Naturally, I had to take the freeze sensor apart. It’s a bimetal disc that’s either concave or convex, depending on how you look at it. The two metals have different coefficients of thermal expansion, and if you form them in a strip, this will cause them to bend like a springboard as one expands or contracts faster than the other. This is useful for thermostats and indicators.
In this case, the original shape is concave (let’s pick a convention) at room temperature, and that’s the minimum energy configuration. To change it to a concave shape by cooling, the metal on the outside has to contract faster, but it won’t do this continually, as happens with curve changes of flat strips — the other metal is at a low energy, and will have internal forces trying to keep it there. It’s only after the second metal can overcome those forces that the disc changes to convex. By that point, though, there’s a bit of energy stored up in the system, and as the disc pops into its convex shape, it pushes a red indicator button out to show that it has fired. You can calibrate this type of device, and by choosing the right manufacturing conditions, have different indicators fire at different temperatures — many are set to be triggered when the temperature drops below freezing, or thereabouts.

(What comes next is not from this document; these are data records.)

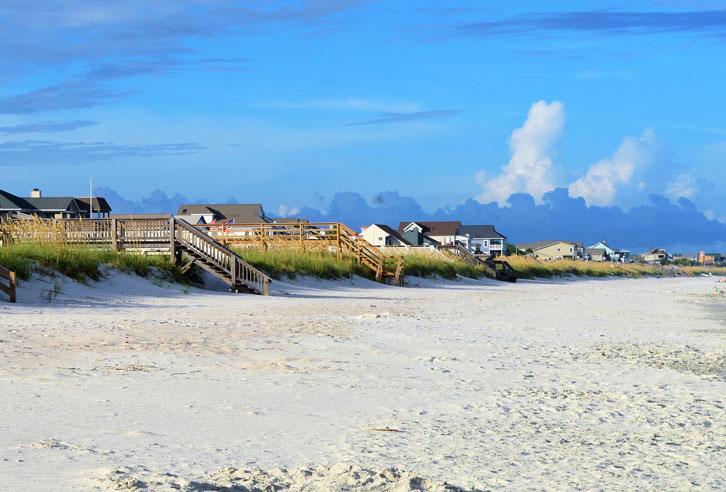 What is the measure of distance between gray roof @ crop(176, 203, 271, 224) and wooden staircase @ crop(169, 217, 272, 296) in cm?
8519

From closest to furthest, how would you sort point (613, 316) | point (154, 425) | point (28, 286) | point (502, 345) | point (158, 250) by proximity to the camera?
1. point (154, 425)
2. point (502, 345)
3. point (28, 286)
4. point (613, 316)
5. point (158, 250)

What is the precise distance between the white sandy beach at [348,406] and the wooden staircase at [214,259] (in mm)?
8787

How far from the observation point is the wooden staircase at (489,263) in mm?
47875

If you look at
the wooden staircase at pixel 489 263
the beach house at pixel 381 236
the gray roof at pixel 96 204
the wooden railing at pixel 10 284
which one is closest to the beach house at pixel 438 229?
the beach house at pixel 381 236

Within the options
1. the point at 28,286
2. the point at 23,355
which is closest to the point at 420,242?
the point at 28,286

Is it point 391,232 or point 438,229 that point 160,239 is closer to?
point 391,232

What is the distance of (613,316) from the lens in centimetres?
1869

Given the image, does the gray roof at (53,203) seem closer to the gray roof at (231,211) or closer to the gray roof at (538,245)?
the gray roof at (231,211)

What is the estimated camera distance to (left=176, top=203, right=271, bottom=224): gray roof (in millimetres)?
109875

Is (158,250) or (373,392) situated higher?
(158,250)

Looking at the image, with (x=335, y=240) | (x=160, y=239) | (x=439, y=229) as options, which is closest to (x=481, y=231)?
(x=439, y=229)

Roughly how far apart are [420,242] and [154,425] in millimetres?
117626

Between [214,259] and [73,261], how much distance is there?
456 centimetres

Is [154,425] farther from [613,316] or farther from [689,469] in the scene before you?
[613,316] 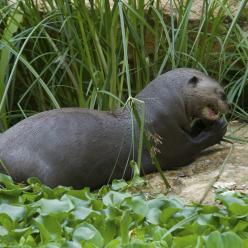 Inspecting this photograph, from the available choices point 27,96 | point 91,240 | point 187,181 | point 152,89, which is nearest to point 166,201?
point 91,240

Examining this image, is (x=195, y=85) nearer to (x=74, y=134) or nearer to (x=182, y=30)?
(x=182, y=30)

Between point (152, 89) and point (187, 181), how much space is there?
523mm

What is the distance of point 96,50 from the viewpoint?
463 cm

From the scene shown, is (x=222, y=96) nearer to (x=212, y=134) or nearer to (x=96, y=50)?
(x=212, y=134)

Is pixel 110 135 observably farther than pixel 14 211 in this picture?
Yes

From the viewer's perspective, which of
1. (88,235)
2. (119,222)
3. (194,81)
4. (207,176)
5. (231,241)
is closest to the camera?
(231,241)

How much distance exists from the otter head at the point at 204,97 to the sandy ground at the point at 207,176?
0.20 metres

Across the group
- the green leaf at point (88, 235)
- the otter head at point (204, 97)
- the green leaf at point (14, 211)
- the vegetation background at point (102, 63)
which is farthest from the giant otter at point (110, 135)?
the green leaf at point (88, 235)

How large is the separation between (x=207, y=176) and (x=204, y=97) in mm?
498

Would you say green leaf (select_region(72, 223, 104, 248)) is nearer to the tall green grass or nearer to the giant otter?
the giant otter

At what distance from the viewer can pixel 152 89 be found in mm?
4367

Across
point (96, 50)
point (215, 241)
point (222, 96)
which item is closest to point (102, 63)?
point (96, 50)

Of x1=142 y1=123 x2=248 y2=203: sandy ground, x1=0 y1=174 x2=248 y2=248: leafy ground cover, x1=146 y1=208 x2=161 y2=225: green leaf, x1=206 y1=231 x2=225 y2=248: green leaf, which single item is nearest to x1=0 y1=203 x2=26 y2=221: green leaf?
x1=0 y1=174 x2=248 y2=248: leafy ground cover

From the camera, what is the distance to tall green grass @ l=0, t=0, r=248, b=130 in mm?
4539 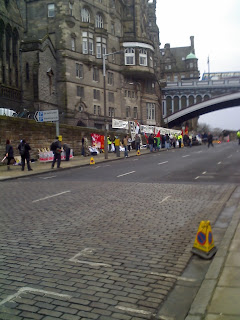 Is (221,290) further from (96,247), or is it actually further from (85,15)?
(85,15)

Here’s what it looks like once you’ve taken it apart.
The disc is covered by the white holder with the red plunger, and is covered by the paper mask and plastic container. The plunger pops out when the disc is thermally triggered.
Here’s what it looks like firing in slow motion. I discarded the container and paper mask, and put the disc directly on a cooler freeze-pak, with the holder and plunger resting on it.
This configuration is at the core of many thermostatic controllers and temperature limiters. For amny years most where made by the Klixon corporation and are widely known as klixons. The name Klixon coming from the behavior of clicking, clicks on, when it shifts from one concave form to another. The majority of thermostats on electric water heaters and thermal limiters on AC compressors use this sort of bimetal disc as it has been shown that the storing of energy and rapid release used to open or closed contacts reduces wear and tear on contacts and increases reliability over mechanisms with a slower action and more parts. If they are adjustable they are often biased by inclusion of spring/s that press on one or both faces and screw/s that restrain the spring/s.